• Data listing
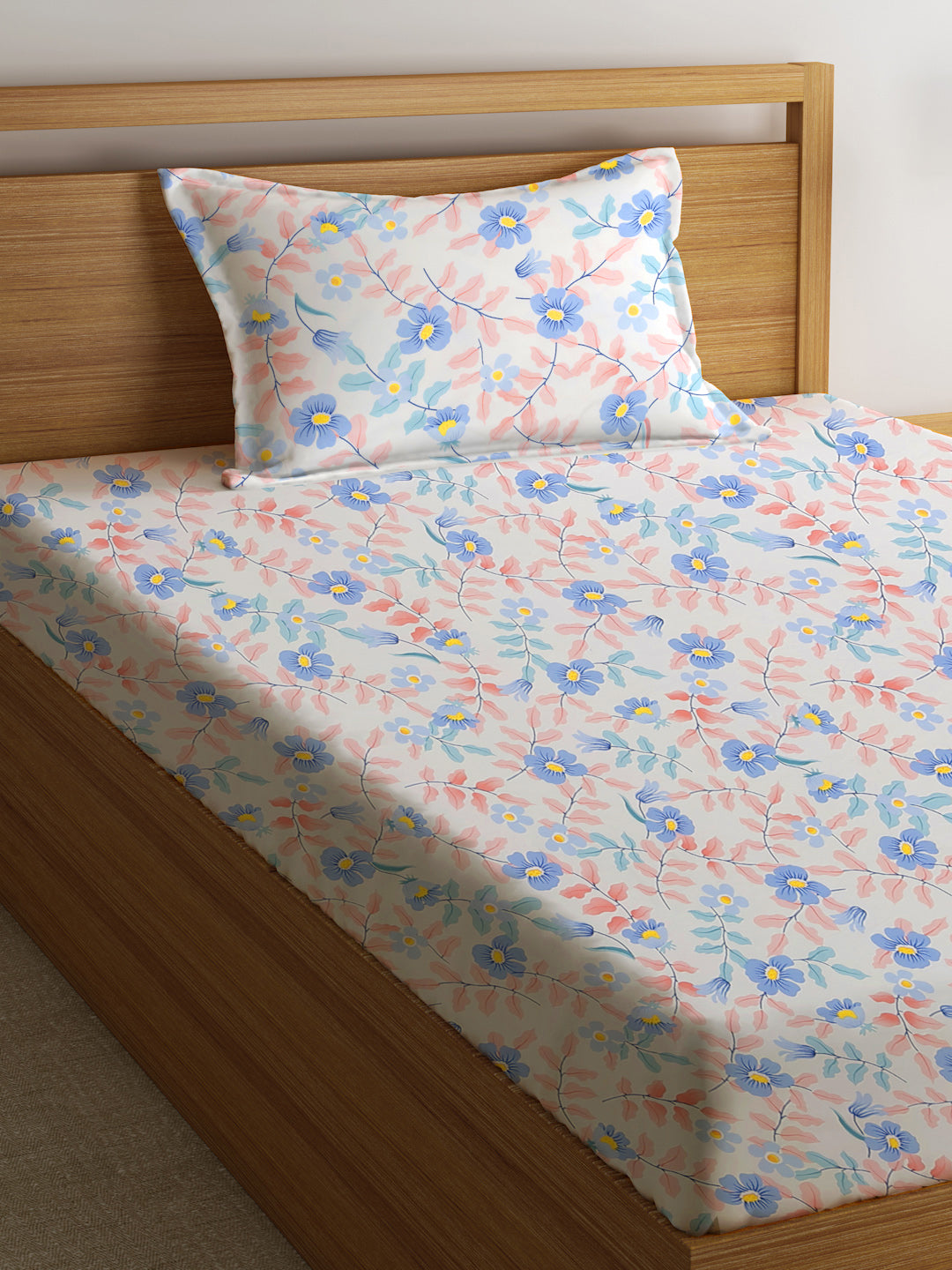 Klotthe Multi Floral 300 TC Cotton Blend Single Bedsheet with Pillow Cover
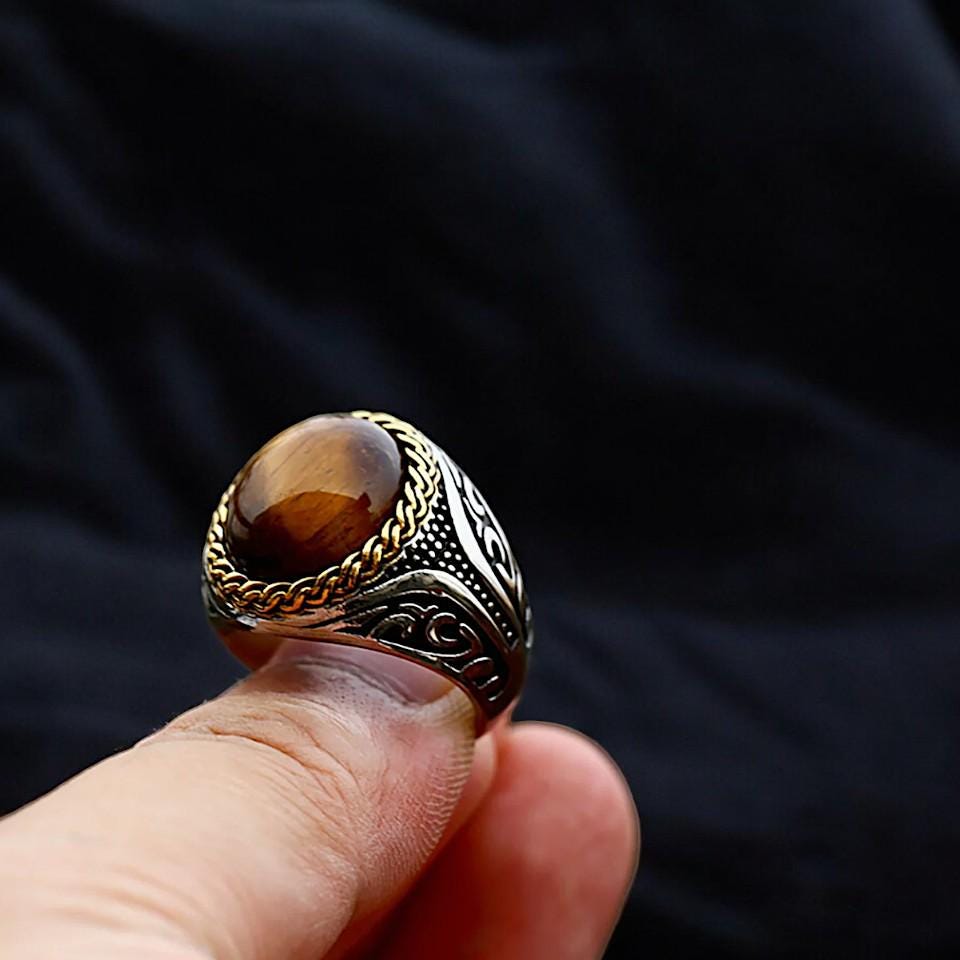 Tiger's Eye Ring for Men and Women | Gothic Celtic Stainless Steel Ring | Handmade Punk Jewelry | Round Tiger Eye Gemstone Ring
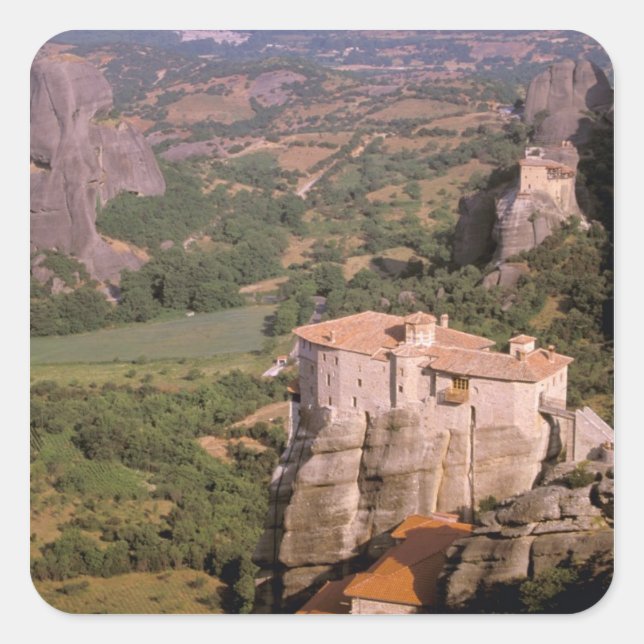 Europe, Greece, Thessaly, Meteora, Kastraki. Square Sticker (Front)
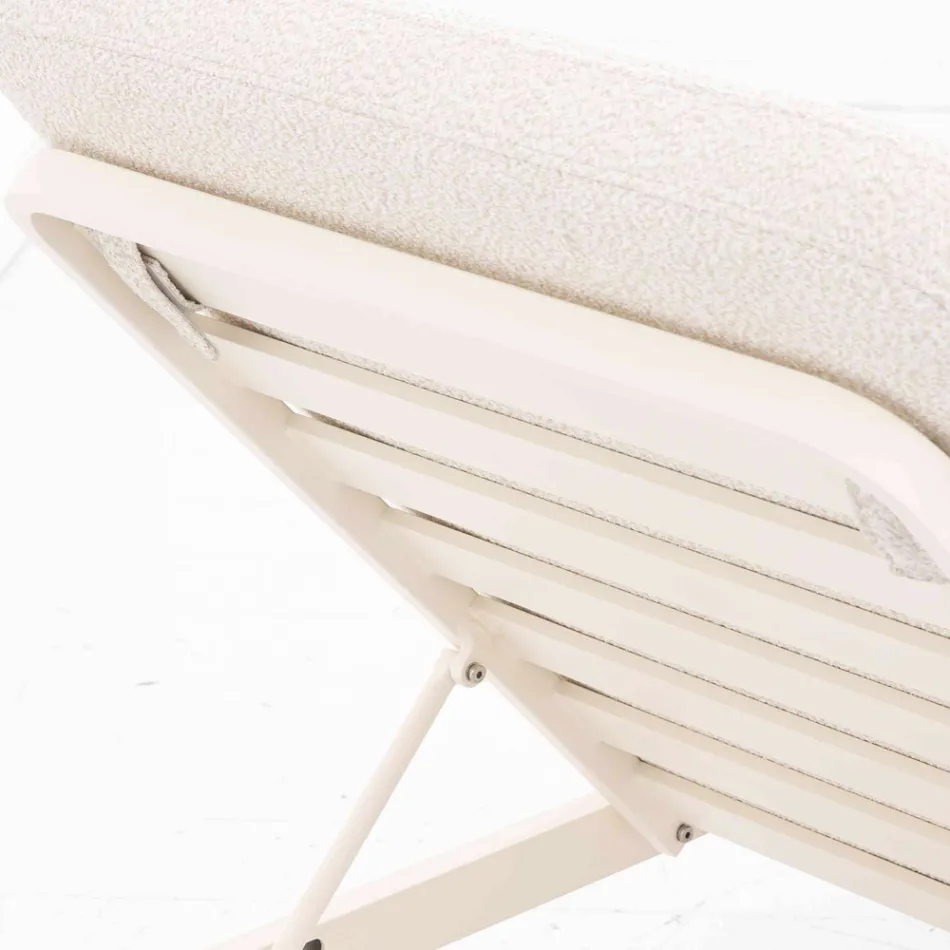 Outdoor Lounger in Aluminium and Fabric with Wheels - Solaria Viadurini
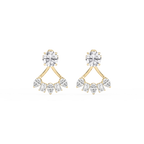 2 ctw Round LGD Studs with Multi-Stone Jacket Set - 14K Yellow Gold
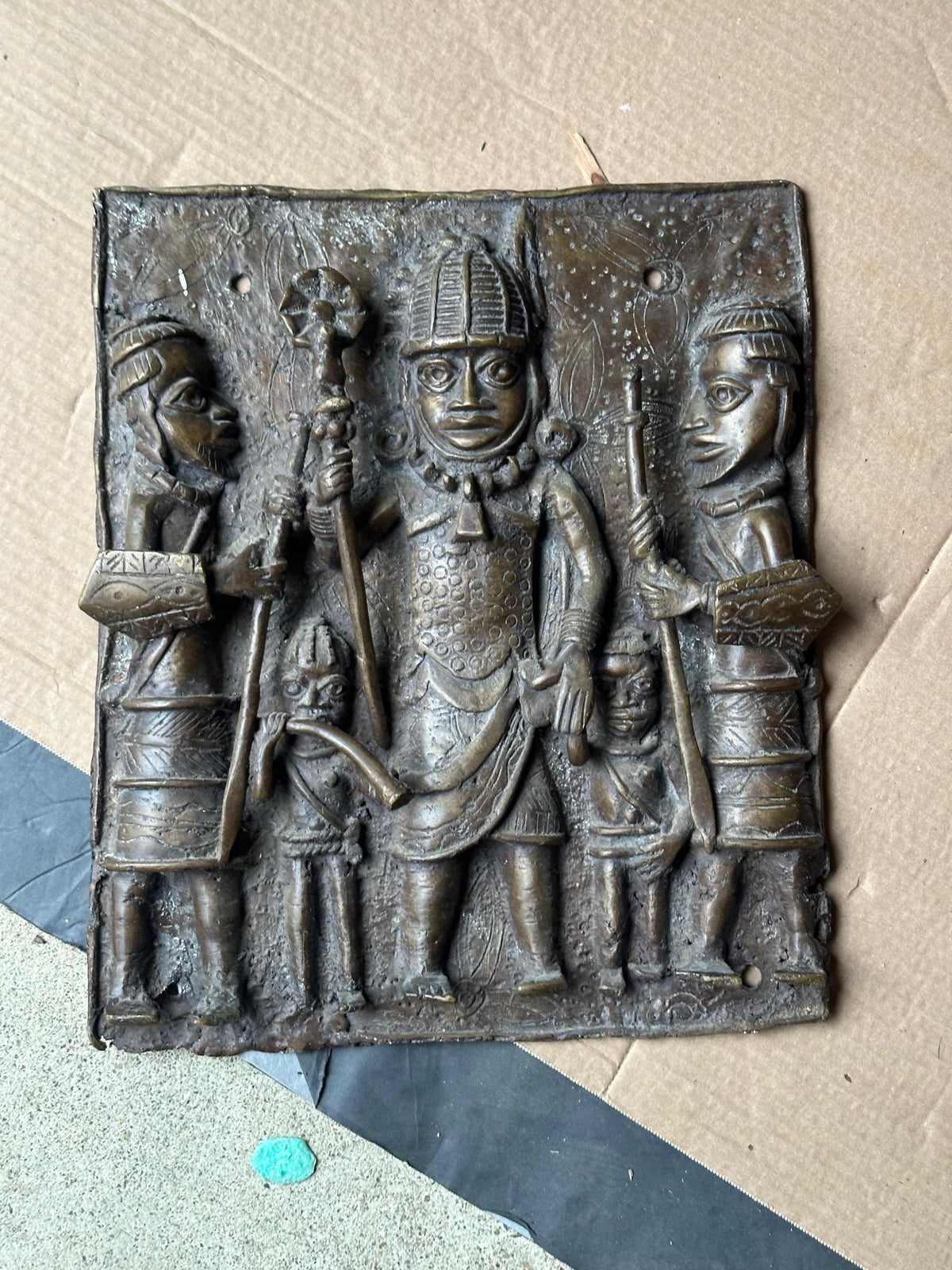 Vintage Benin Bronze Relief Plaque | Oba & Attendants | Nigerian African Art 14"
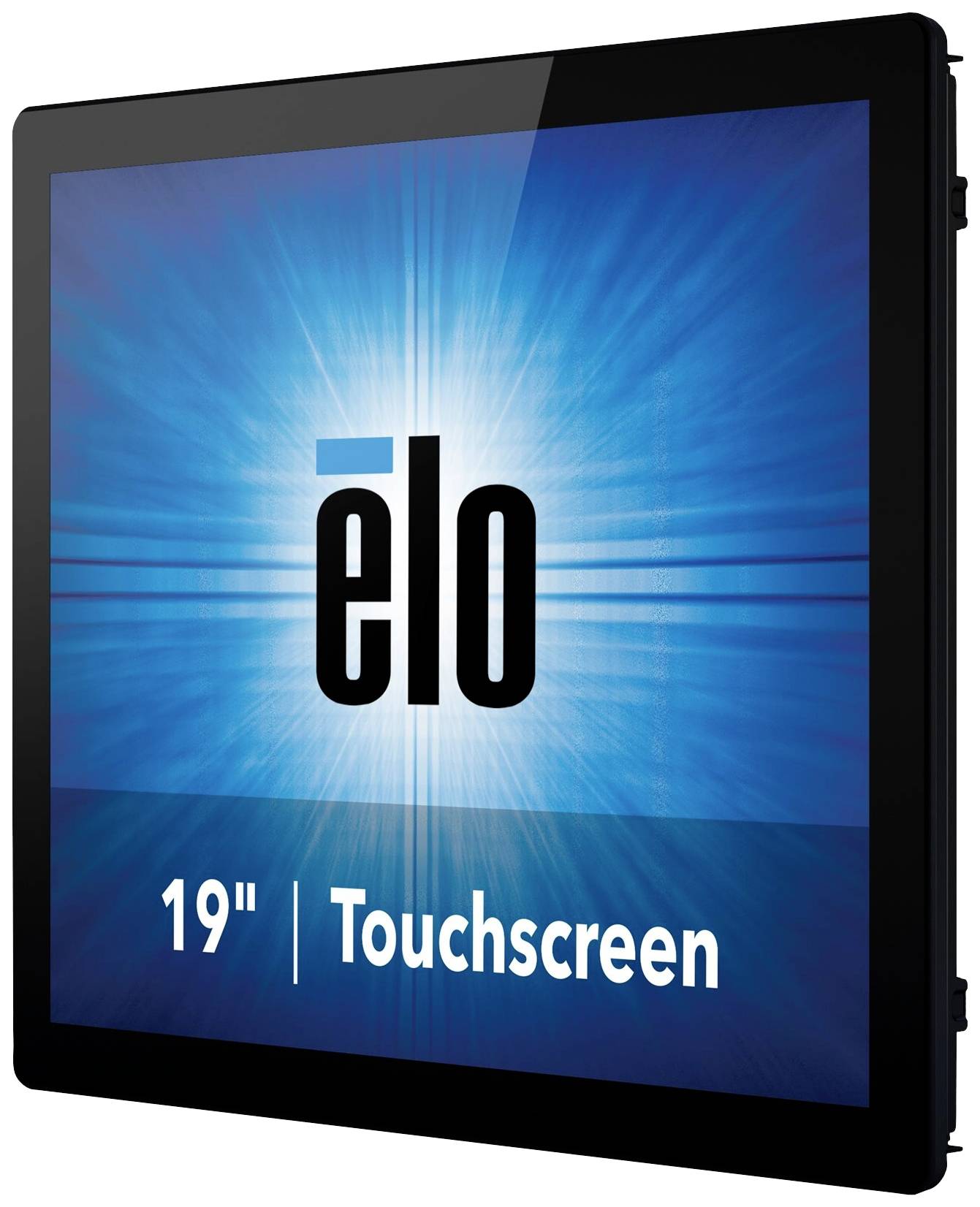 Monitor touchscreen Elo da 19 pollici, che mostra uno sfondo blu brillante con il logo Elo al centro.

• Work to complete
Pictures stay out of the copy. Reproduce exactly the lines from the one containing "2 ctw Round" through the last line of the records above, both included.

• Answer to this task
 2 ctw Round LGD Studs with Multi-Stone Jacket Set - 14K Yellow Gold
 Vintage Benin Bronze Relief Plaque | Oba & Attendants | Nigerian African Art 14"
 Monitor touchscreen Elo da 19 pollici, che mostra uno sfondo blu brillante con il logo Elo al centro.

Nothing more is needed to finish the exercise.